Out of Context

28 Sep

Lots of things can be taken out of context. It is however the author’s burden to clarify. Redemption from a technologist from various battle fields.

1. Protobuf vs. JSON, XML or Avro. It is not a secret I “hate” protobuf. In the context of exchangeable data, a rigid RPC solution doesn’t make much sense.

2. Java vs. C#, Python or C(++)/PHP/Perl, Ruby, JavaScript …

Performance and platform zealot use C(++). PHP is at home with them to script their C(++) solutions for the web and Perl is for the backend. If we need highest performance and be fully open source, it is the best solution. This is the choice of Facebook and to some extent Google.

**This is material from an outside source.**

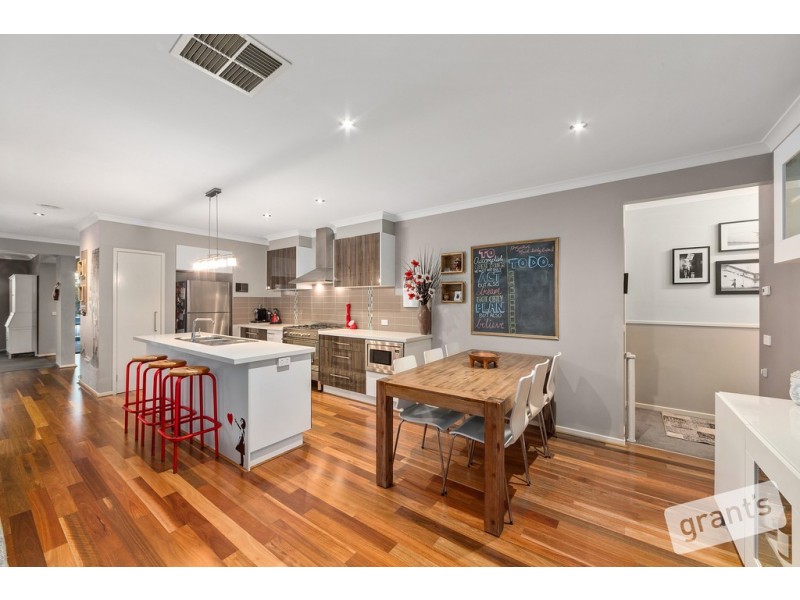 7 Moss Street, Cranbourne North VIC 3977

Java speed is not bad and it is more approachable for people like lots of libraries and less things to worry.  But it is always memory hunger and start slowly. Also the syntax and basic data type support is not the most desirable. I have no problem using it for projects that fit and customer desire. It is cheaper than C(++) in development for sure. It is also easy to setup clusters of middle-ware for business critical systems.

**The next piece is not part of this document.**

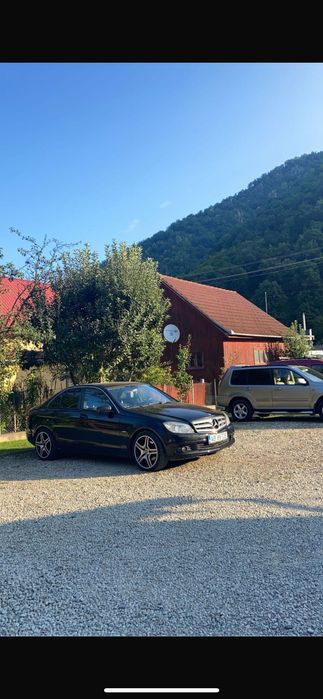 Vând motor c220 w204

C# is comparable to Java. But for crazy reason Microsoft decided that only windows platform is worth supporting, leaving server and mobile to Java. When Java (Android) rules mobile and server, even staunchest Windows fan had to decamp to where jobs are. Windows become the old standard desktop only solution and so goes C#. Small business still uses Microsoft for all but large enterprises only use Microsoft for desktop. Monotouch/Unity attempted to piggyback on the skills of few die hard Microsoft developer left, cutting out their little survive space in the corner. If one doesn’t deliver what customer wants, customer will just go and not coming back. Said that, hack out quick client side solutions in C# is still much more easier and less frustrating than Java.

Python is a very pleasant language with also a lot of libraries and framework. The widespread Python 2.x is also not new and pre-date OOP. But it is fun, practical and useful. Networking, data analysis and visualization are among its strength.

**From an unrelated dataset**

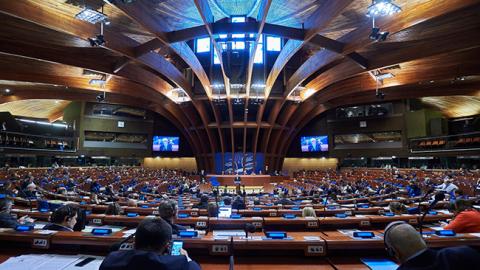 У ПАРЄ вимагають негайно звільнити Сенцова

Ruby arise since Jython never was really not good enough to do everything cPython can do. A new language without the huge libraries, an asset and formidable task to support,  fits the bill.  Smaller than python to install but like python it is more maintainable than perl for new users, it fits into rapid prototyping and system administration.

JavaScript started life in browser. It is more familiar for web developer and like Ruby was designed and implemented in C/JVM early on. It is also sometimes used for data query and server-side development (node.js).

We also have other notable languages  like scala, go, F# and old SQL, LISP…

In the end, it is moot to judge these languages by simple shootout. Use the right tool for the right task. If the algorithm is chosen right and IO bottleneck were resolved, they can all do a lot of different jobs. If we need to do simple things in nanoseconds, we can do it in C or hand tuned Assembly. If for general server programming, Java, PHP and sometimes Python are the choices.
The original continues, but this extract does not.